Considering I had no choice, I would say my medium macchiato was okay but quite acidic, and Ann's tall cappuccino was a bit insipid. But my plain croissant holds the distinction of being the worst plain croissant I have ever experienced in an airport. And that's saying a lot, considering it is my custom to have a croissant with my coffee whenever I'm spending any amount of time at an airport. This "croissant" was rubbery and completely devoid of any trace of flavour. I wondered about the grease on my fingers: it certainly couldn't be butter. Could it be motor oil? Not only was the croissant rubbery but at $2.29 it was robbery as well.
Considering I know I can get a good espresso at many other airports including Gatwick (Costa and Starbucks), Manchester (Costa and Starbucks), Seattle-Tacoma (Starbucks and SBC), San Francisco (Peet's), Chicago (Starbucks), Philadelphia (Quaker, Au Bon Pain, Jazz & Java), Dallas-Fort Worth (Starbucks), and Newark (Caffe Ritazza, Starbucks, Seattle's Best), I am hoping and praying that LAX, gateway to a metropolis with many quality coffeehouses, offers at least one place somewhere in its horseshoe where one can get a decent espresso. All I can say is that Euro Coffee certainly ain't it.
Oh, and one more complaint: as I had to bring my own food on the domestic leg of my flight, I forked out $7.99 for a Euro Coffee tomato mozzarella sandwich.
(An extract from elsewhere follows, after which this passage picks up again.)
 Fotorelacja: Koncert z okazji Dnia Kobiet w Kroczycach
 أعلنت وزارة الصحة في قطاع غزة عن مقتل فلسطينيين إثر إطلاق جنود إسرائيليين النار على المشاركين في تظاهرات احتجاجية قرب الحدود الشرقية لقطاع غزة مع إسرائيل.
When I consumed it later my whole being became imbued with an ersatz "Mediterranean herb" stench for the remainder of my flight, both stubbornly lodged under my fingernails and belching its way back up my throat.
I will admit we didn't try any of Euro Coffee's ice cream, and I've always enjoyed Häagen-Dazs. Perhaps they should just shorten their name to Häagen-Dazs and abandon everything else...
Speaking of disappointing coffee and food reminds me of a recent short e-mail exchange with a workmate about the New Year:So it is 2008. It started being 2008 at around midnight the other day, when I helped one of my friends fit a new light and then drank some stout. It was not the wildest ever New Year I've seen in. It was adequate for someone recovering from a bad cold. So it is. 2008.